Gunung kidul adalah daerah dengan tingkat bunuh diri
tertinggi secara nasional loh.
Di basecam gari kami tidur di ruang tengah, dan ternyata
kalo shubuh masyaaAllah dingin bingit, menggigit. aku juga belum tau masjid dimana, karena
gelap kalo kita liat keluar, cuman kedengeran suara adzan aja. Jadi aku sholat
di rumah, di hari terakhir baru aku tau lokasi masjid yang ternyata cukup jauh.
Dari pembagian desa, dimana kami minimal menghandle 2 Desa.

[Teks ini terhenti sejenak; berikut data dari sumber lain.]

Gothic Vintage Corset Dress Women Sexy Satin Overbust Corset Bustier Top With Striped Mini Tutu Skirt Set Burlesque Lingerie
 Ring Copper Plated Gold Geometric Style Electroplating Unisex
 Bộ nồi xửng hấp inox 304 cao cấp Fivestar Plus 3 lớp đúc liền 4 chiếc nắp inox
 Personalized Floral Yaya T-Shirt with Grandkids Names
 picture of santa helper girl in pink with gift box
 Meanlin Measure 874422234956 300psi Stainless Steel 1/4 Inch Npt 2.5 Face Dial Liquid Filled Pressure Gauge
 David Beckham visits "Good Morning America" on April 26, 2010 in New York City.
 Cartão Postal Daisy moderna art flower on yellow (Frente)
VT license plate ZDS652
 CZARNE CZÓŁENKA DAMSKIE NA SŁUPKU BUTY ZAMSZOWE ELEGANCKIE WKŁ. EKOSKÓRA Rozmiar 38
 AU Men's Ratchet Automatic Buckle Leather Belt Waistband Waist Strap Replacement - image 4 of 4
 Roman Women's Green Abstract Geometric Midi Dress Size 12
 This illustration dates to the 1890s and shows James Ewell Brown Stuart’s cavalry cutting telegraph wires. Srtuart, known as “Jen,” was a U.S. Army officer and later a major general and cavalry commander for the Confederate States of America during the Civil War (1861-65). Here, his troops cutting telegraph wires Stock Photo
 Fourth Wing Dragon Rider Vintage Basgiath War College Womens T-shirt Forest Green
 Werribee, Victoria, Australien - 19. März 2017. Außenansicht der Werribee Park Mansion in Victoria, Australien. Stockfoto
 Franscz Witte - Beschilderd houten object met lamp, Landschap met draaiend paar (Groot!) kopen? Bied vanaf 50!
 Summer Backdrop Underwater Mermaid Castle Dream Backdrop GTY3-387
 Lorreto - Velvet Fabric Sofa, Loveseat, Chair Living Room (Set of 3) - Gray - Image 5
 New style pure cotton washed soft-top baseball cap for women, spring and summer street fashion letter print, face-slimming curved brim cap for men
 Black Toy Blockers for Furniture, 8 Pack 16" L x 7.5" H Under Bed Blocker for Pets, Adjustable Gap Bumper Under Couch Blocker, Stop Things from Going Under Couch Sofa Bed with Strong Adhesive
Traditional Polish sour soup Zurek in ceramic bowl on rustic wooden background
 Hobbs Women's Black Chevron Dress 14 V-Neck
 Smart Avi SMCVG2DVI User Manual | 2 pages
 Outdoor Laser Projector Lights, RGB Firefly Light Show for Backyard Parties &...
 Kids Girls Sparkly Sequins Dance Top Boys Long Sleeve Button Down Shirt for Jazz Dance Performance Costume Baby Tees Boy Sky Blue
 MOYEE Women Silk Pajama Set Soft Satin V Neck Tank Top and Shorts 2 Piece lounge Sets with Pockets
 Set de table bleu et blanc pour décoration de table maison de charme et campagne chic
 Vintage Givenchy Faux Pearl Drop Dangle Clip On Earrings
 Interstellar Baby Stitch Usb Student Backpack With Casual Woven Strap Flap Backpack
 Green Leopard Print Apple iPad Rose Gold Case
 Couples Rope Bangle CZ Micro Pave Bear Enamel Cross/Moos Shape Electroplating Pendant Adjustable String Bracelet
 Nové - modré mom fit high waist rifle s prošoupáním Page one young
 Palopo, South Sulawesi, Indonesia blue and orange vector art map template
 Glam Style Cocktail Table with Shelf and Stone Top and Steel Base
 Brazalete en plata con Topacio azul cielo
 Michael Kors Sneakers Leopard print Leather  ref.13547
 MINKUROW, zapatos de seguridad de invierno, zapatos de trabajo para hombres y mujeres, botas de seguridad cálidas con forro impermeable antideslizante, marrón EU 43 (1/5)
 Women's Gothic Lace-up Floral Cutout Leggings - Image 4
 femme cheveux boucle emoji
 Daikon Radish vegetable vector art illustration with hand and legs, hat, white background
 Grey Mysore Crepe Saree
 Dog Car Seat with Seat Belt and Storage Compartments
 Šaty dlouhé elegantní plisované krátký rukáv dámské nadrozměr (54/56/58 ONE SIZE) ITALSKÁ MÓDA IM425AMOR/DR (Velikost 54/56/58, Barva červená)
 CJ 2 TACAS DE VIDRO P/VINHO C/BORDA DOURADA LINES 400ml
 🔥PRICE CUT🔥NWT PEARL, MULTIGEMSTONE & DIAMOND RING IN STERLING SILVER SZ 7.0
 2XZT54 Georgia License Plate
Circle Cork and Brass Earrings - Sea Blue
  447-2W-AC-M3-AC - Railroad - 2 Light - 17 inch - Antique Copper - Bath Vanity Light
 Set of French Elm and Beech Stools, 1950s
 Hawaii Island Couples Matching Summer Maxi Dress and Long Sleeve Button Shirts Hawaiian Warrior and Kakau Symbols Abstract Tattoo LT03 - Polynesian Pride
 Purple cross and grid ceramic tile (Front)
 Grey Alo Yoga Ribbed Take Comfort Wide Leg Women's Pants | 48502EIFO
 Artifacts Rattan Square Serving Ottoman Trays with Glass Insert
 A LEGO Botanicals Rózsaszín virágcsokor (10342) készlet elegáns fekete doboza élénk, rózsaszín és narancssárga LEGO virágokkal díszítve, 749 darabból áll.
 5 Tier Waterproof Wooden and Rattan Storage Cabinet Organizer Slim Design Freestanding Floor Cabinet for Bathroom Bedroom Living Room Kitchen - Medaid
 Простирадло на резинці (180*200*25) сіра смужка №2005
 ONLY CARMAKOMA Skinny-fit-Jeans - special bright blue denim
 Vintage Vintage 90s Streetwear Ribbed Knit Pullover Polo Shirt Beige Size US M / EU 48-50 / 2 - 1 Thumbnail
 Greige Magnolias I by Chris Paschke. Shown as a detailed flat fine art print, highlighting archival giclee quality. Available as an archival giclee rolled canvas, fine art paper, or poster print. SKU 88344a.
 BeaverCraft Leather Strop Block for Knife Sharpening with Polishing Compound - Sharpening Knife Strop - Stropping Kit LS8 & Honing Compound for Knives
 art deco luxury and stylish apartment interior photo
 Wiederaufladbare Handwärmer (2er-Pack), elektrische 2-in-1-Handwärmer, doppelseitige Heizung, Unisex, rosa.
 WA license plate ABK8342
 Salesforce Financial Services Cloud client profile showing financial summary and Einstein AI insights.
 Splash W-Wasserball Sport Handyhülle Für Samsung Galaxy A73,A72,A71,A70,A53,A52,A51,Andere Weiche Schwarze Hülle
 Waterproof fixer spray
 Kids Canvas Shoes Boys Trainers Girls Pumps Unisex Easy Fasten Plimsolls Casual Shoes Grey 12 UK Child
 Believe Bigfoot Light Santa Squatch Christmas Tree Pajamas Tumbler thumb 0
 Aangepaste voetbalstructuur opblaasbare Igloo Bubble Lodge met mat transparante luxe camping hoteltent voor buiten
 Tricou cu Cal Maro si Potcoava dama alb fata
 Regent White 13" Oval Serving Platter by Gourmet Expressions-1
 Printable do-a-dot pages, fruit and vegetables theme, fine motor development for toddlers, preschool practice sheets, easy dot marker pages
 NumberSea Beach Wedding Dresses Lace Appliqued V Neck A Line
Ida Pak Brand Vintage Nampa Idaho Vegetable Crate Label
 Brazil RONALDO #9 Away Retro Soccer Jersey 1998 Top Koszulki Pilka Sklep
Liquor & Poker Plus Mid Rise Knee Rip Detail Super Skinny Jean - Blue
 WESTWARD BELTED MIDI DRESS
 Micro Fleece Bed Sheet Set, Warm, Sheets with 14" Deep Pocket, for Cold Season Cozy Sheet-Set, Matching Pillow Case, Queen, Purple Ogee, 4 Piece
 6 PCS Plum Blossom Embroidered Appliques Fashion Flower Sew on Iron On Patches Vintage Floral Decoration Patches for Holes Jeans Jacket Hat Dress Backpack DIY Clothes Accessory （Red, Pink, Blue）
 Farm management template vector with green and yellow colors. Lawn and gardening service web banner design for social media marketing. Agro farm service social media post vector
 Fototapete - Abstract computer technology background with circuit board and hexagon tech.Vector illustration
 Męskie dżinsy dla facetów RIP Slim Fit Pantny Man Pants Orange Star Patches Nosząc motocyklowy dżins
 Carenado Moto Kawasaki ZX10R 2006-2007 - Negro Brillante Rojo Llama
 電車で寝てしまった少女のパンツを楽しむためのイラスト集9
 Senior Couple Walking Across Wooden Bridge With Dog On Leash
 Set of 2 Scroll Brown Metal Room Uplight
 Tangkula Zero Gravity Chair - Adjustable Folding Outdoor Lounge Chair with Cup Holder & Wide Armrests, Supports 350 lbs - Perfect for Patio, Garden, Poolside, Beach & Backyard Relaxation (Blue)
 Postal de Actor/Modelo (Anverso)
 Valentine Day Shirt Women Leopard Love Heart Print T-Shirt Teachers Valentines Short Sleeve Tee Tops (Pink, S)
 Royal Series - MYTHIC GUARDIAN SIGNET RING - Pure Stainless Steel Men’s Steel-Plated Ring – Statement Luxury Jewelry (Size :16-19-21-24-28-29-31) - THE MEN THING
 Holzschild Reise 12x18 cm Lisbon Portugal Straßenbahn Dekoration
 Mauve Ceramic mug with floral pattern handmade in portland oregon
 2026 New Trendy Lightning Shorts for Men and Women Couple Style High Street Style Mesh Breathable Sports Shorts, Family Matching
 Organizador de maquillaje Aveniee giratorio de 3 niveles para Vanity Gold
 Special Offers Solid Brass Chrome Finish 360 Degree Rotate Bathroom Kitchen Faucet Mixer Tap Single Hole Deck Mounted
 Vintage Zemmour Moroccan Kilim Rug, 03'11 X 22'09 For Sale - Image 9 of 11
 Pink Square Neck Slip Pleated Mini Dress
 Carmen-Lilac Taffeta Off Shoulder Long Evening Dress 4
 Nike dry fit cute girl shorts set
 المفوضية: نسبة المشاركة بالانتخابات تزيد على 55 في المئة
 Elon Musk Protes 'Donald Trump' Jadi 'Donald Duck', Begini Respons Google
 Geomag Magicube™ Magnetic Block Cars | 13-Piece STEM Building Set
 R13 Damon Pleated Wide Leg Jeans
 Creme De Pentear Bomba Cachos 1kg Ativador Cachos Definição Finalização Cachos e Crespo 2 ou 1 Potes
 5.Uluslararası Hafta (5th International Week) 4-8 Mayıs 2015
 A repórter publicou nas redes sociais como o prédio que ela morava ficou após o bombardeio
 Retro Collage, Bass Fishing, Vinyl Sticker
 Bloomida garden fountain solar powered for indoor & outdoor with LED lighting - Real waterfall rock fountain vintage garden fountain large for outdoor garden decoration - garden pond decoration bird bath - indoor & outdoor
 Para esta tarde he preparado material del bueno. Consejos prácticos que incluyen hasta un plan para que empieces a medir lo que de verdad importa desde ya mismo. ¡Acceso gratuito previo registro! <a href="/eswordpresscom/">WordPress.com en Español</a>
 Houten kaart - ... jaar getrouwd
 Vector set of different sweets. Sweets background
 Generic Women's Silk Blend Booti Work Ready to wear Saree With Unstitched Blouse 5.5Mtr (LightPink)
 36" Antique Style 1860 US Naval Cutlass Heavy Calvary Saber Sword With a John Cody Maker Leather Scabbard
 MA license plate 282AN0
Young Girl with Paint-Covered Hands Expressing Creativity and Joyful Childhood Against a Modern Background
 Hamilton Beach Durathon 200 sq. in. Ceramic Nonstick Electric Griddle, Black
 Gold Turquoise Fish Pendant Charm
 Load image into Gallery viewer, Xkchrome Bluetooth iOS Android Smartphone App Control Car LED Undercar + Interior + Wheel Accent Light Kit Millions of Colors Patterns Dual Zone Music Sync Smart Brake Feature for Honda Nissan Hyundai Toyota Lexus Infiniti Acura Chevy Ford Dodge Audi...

Aku kebagian desa Selang dan Baleharjo itu desanya deketan. Alhamdulillah aku
bisa menyelesaikan Desa Selang dan Baleharjo selama 4 hari. Kemudian aku
ditambah desa Wonosari, aku selesaikan dalam waktu dua hari.
Pekerjaan yang cukup melelahkan ternyata. Aku masuk-masuk
dusun, bulak balik rumah orang, Tanya sana sini. Aku merasakan dengan fisikku
sendiri bahwa mencari uang itu berat. Makanya aku sekarang menghargai sekali
setiap rupiah karena dapetinya ternyata susah.
Dan aku juga teringat pernyataan kanda Heri santoso. Bahwa
bodoh kalau kita mengejar-ngejar uang, apalagi sampai mengais rejeki (bahasanya
itu loh). Orang yang cerdas itu yang uang datang kepadanya. Dan itu adalah
tanda-tanda dari orang yang bertakwa. Dimana rejeki datang kepadanya dari arah
yang tidak diduga-duga.
Mulailah perasaan bahwa ini bukan tempatku terus membuncah.
Aku merasa aku salah ikut ini. Aku mulai berdoa sama Allah SWT minta petunjuk.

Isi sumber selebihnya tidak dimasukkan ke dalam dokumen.